Intermittent positive-pressure breathing (IPPB) is a technique that applies short-duration, noninvasive positive-pressure breaths to the lungs during the inspiratory phase of spontaneously breathing patients. The patient-triggered breaths deliver a pressure specified by the respiratory therapist or physician. The primary goal of IPPB is to expand the lungs by increasing inspiratory volume, thereby treating and preventing atelectasis in patients who are at risk. IPPB may also have other beneficial effects including decreased work of breathing, treatment of pulmonary edema, improved cough, improved distribution of aerosolized medications, and reduction in PaCO2 . This form of prophylaxis was commonly used in the past; however, recent clinical trials in postoperative patients have shown an increase in gastric distention and no difference in respiratory complication compared to patients using incentive spirometry.[31] [45] Potential complications of IPPB include aspiration, pneumothorax, and impaired cardiac output. Some have suggested that patients who have a small vital capacity (<15 mL/kg) may benefit the most from IPPB, because the patient can achieve larger tidal volumes with positive-pressure augmented breaths, although this has not been established in clinical trials.
Positive expiratory pressure (PEP) can be achieved with a simple oral device with a fixed-orifice resistor. PEP is generated as the patient exhales through the device, generating a pressure of 10 to 20 cm H2 O. Pressure applied during expiration may splint open airways prone to closure, preventing air trapping and impaction of bronchial secretions. Pursed-lip breathing by patients with COPD is one adaptive form of applying positive expiratory pressure. PEP has been shown to be beneficial for postoperative patients,[46] patients with COPD,[47] and pediatric patients with CF.[48]
CPAP delivers constant pressure throughout the respiratory cycle and can be delivered through a tight-fitting mask. CPAP can be used for several hours at a time as a mode of noninvasive ventilation and has many potential applications, including treatment of sleep apnea and cardiogenic pulmonary edema (these are discussed in a later section).
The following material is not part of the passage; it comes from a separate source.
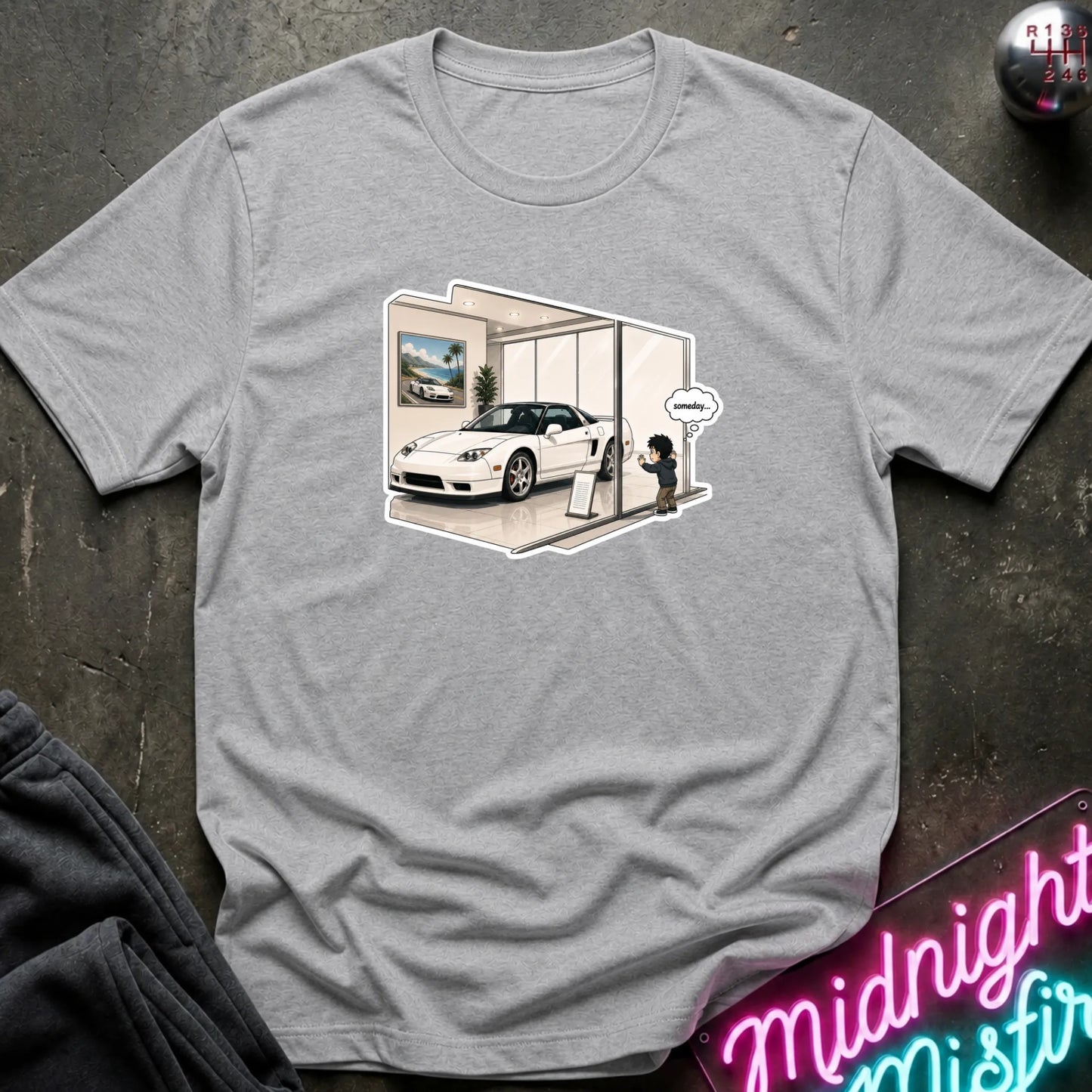 A heather gray short-sleeve t-shirt laid flat on a dark textured surface, featuring a cartoon graphic of a white sports car inside a glass showroom with a small character standing outside it. A neon sign is partially visible in the bottom right corner.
CPAP may be used intermittently for brief periods of time as an adjunctive therapy for bronchial hygiene. Positive pressure delivered throughout the respiratory cycle may augment lung expansion and maintain open airways. These effects may increase clearance of bronchial secretions and prevent atelectasis. Several small studies have shown CPAP to be at least as effective as incentive spirometry and routine chest physiotherapy in preventing atelectasis in postoperative patients. [49] [50] Its effort-independent nature makes CPAP an attractive treatment for atelectasis; however, benefits of this therapy must be weighed against the cost, potential adverse effects, and requirement for close observation compared to other types of bronchial hygiene therapy.
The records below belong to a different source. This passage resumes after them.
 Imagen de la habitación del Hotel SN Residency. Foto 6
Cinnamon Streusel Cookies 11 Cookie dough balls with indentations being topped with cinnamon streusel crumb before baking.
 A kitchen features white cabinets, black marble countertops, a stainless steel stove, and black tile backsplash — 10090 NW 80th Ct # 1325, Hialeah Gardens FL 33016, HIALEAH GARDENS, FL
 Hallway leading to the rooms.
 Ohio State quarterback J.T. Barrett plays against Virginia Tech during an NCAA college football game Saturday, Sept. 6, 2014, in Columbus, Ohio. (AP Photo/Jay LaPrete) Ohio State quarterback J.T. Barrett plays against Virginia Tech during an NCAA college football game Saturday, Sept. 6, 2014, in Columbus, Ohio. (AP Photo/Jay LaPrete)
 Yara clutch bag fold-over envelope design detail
Several newer positive-pressure devices are being used in the ICU. Among these are Ez-PAP (DHD Healthcare, Wampsville, NY), a disposable device that delivers positive pressure during inspiration and expiration. The Ez-Pap combines the potential benefits of IPPB and PEP. Positive pressure during inspiration may increase inspiratory volume and enhance delivery of aerosolized medications, whereas positive pressure during exhalation may prevent airway collapse. Together, these effects may aid in treating/preventing atelectasis and may augment mucociliary clearance of airway secretions. Data on the efficacy of the Ez-PAP in clinical trials are currently lacking.
Another newer positive-pressure device, CoughAssist (JH Emerson Co, Cambridge, MA), provides cough augmentation with mechanical insufflation and exsufflation. This device uses positive pressure during inspiration to increase inspiratory lung volume followed by a rapid switch to negative pressure, simulating the flow changes that occur during a cough and thereby facilitating sputum clearance. One study demonstrated an increase in peak cough flow in patients with neuromuscular disease,[51] but there have not yet been any published trials evaluating clinically relevant outcomes.